Level 1: Manual Programming. In this scenario, the technician, usually using a teach pendant, programs each path a robot takes. That is, the person must teach the system where to weld, what to weld, and how to weld. Such programming can take hours and require a certain number of identical (not just similar) parts. This legacy process has kept most high-product-mix work away from the robot. And in truth, it’s why robots aren’t yet pervasive, except in the highest-volume manufacturing environments.

Level 2: Assisted Programming. In this scenario, a technician must program each path a robot takes. The programming platform might give some assistance and employ new interfaces, like tablets, or give the operator the ability to physically move the robot (or cobot) arm to different points along the weld path. But it still can take significant time, and it requires the technician to choose and review where the robot welds, what it welds, and how.

Level 3: Offline Programming. This automates the programming of some robot paths. That said, the technician still needs to do some level of manual programing (or “touching up”), since the digital model usually differs from the real part that’s fixtured in the weld cell. Here, the programming method handles most of where to weld, some of how to weld (suggesting certain weave patterns and other techniques), and a little of what to weld—but again, the “what” (the actual part in front of the robot) can differ from the digital 3D model, and a technician needs to account for those differences.

Level 4: Autonomous Offline Programming. Here, technology retrieves 3D information from a drawing and automatically generates the weld seams.
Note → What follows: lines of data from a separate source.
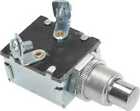 Mcssb2 Smp Push Button Switch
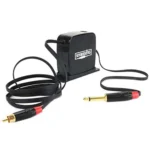 SNAKEKING RCA CORD REEL BOX - Image 4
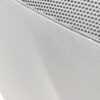 Audi Q6 E-TRON 85H Türverkleidung hinten rechts OEM 85H867304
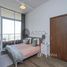 1 غرفة نوم شقة للبيع في Hameni Homes By Zaya, Noora Residence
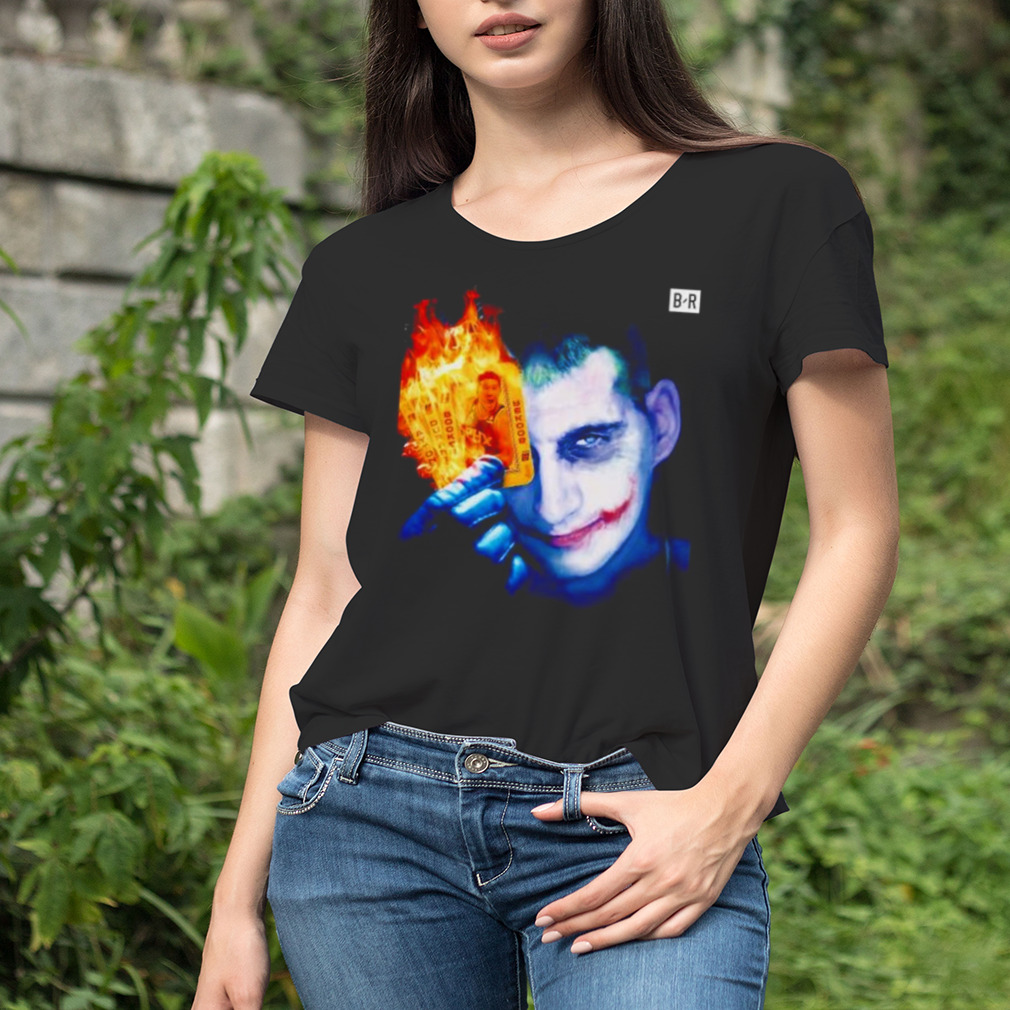 Women's tshirt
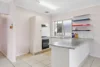 5 Frangipani Street, Inala, Qld 4077-Image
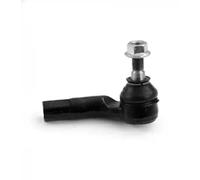 Steering rod end VKDY 311010 SKF for VW SKODA SEAT
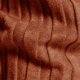 thumbnail image 3 of Gibobby Suéter cuello redondo hombre Suéter de cuello redondo para hombre(Marrón,Grande), 3 of 5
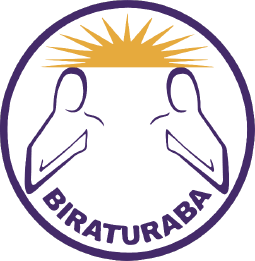 Biraturaba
It generates all the program points necessary for the welding tool and automatically determines the correct welding procedure to be applied. It also defines all robot movements (without collisions) and plans the sequence of all operations that the robot will perform. Representing the current state of the art, this method tells the robot wherewhat, and how to weld, all with minimal human intervention.

Whatever level a fabricator is at, managers still need to look at the overall time robotic welding requires. This includes programming, of course, but it also includes tacking, part positioning, and the amount of time between when a part is fixtured and when welding commences. In some manufacturing environments, if a robot spends too much time scanning a workpiece before initiating a weld, throughput can suffer, summed up Komarov Artem.